Call of Cthulhu from Cyanide Studios is and investigative RPG that’s the official adaptation of Chaosium’s pen-and-paper one. It’s all about uncovering the deepening mysteries and the eventual, unavoidable descent into madness that tends to happen in things of a Lovecraftian nature.

In it, you play as Private Investigator Edward Pierce, who’s been sent to investigate the death of the Hawkins family. There’s more to their death than meets the eye, and the fire that killed them might not be the accident that local authorities on the isolate Darkwater Island proclaim it to be. Using your investigative skills, you’ll have to speak to the locals, discover clues and figure out the truth at the heart of the case.

Investigation itself is reminiscent of the detective work in the Arkham Games, itself Holmesian on its approach. Pierce can reconstruct events, looking for clues and information that initial investigations may have missed. Because it’s based on a pen-and-paper RPG, hidden dice rolls couple with your skills to determine your success or failure in many aspects. By using skills, or reading books, you’ll earn experience points, which increase your proficiency. When you find clues during your investigation, you’ll unlock extra dialogue options with the non-player characters you’ll encounter. The skills you can plug your experience into include strength, eloquence, investigation, occultism, spotting, psychology and a few more, all of them changing how you’ll tackle the game, and shape the relationships you’ll form with the island’s inhabitants.
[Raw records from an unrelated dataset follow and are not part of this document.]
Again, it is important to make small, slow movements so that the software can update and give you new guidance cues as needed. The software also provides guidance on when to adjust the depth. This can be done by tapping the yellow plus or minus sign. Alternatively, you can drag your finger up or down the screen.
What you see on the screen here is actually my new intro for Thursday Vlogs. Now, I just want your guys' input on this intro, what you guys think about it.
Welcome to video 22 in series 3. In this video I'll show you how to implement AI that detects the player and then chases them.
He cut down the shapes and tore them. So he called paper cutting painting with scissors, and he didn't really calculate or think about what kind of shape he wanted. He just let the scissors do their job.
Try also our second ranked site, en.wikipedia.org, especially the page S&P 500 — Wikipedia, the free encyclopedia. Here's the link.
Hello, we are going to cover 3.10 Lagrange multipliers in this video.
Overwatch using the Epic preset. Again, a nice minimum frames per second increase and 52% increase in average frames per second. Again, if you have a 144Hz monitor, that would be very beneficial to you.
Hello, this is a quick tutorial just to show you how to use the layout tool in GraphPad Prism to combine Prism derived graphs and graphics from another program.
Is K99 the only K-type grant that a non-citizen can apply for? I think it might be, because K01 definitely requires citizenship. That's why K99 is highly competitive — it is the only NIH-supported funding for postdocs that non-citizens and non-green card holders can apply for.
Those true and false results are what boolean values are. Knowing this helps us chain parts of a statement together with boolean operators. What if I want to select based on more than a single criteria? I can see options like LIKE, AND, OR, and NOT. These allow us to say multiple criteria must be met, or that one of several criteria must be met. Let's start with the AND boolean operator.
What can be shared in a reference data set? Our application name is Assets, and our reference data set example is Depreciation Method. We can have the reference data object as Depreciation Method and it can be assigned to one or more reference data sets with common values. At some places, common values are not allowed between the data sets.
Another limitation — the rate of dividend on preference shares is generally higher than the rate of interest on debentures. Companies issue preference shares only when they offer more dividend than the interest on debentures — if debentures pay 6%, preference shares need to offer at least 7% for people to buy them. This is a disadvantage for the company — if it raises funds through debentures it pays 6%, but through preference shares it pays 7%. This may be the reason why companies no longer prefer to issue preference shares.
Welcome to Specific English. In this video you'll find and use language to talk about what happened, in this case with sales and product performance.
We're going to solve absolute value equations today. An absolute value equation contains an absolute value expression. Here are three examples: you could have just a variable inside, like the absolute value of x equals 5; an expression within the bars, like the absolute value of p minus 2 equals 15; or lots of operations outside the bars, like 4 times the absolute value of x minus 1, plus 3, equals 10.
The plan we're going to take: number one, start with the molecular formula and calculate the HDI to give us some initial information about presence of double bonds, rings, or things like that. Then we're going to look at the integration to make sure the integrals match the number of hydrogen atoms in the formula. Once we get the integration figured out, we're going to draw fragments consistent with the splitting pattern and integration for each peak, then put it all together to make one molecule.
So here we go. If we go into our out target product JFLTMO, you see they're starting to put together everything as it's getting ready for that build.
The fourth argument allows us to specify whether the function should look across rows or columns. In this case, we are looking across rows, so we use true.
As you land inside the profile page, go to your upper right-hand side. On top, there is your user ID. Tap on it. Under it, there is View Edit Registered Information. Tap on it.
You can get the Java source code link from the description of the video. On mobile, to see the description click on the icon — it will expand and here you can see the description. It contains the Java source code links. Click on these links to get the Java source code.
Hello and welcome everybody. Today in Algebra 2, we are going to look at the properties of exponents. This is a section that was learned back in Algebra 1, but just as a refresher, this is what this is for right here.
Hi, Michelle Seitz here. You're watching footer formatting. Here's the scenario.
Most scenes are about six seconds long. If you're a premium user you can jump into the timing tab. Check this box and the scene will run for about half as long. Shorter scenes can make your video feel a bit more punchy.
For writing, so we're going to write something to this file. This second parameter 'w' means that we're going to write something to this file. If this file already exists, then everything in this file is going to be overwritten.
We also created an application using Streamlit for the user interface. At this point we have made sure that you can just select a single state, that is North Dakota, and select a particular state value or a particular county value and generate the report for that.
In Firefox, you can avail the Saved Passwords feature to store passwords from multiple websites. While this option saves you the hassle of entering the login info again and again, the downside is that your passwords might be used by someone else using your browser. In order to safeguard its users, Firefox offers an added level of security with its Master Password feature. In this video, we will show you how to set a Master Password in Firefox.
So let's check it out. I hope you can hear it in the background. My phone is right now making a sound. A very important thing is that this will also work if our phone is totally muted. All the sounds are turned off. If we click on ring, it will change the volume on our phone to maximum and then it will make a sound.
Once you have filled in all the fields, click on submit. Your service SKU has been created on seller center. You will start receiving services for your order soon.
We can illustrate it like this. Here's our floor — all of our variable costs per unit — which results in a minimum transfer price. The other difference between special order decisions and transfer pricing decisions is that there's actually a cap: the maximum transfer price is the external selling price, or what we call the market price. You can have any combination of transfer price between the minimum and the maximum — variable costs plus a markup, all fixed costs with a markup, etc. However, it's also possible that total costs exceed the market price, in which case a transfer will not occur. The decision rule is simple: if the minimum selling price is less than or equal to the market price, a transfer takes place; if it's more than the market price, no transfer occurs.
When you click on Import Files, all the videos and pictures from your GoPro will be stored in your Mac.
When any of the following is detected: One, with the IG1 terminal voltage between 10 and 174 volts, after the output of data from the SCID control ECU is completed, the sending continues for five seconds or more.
In one section, we were shown a bit of puzzle solving where getting into a hidden room could have been done by finding the hidden switches and figuring the solution out – but was instead cracked by finding the gears for the mechanism, and just engaged with a crowbar.

As with the pen-and-paper game, sanity will be an important part of the experience, but it will be narrative driven rather than a mechanical aspect. Here’s Pierce’s descent into madness is inevitable – but how he deals with the mental trauma f that will be up to how you play.

It’s certainly intriguing, but the poor voice acting detracts.

What we didn’t get to see was any of the Old Gods, or any Eldritch horrors, but I’m sure we’ll get a better look at that before the game’s release on Xbox One, PS4 and PC before the end of this year.

Last Updated: June 15, 2018

2 Comments

  1. Alien Emperor Trevor

    June 15, 2018 at 09:55

    “Call of Cthulhu will see you descend into madness”

    But I don’t want a Twitter account.

    Reply

  2. Weanerdog

    June 15, 2018 at 10:02

    There is an old CoC game on PC which apparently as you decend into madness would make the controls become less responsive and camera would become juddery.